Du 14 au 20 juin 2025, la ville de Dakhla, joyau niché entre l’Atlantique et les dunes du Sahara marocain, deviendra le carrefour international du cinéma avec la 13ᵉ édition de son festival. Pendant une semaine, le sud du Royaume vibrera au rythme des caméras du monde entier, accueillant une sélection de 18 films issus de vingt pays dans une ambiance unique, entre désert et océan.

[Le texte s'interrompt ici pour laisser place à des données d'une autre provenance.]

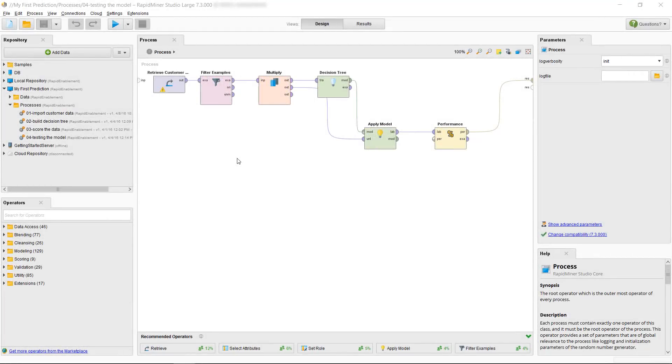In the video on testing your model, we showed you a simple way to use the same sample set for training and testing in order to measure the performance of a model.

Événement culturel phare dans les provinces du Sud, le Festival International du Film de Dakhla s’impose comme une vitrine du cinéma africain, arabe et mondial. L’édition 2025 rendra hommage à trois figures marquantes du 7ᵉ art : la réalisatrice marocaine Maryam Touzani, dont la sensibilité a conquis les plus grands festivals ; le Français Ladj Ly, dont le cinéma engagé bouscule les codes ; et Latifa Ahrrare, artiste emblématique de la scène marocaine.
Côté compétition, les jurys réunissent des noms prestigieux. Le réalisateur burkinabé Dani Kouyaté présidera le jury des longs métrages, épaulé par Reem Al Bayyat (Arabie Saoudite), Nadia Kounda (Maroc), Gaël Morel (France) et Rashid Masharawi (Palestine). Pour les courts métrages, la critique égyptien Ahmed Shawky sera accompagné de Sahar Seddeki (Maroc) et Lauraine Koffi (Côte d’Ivoire).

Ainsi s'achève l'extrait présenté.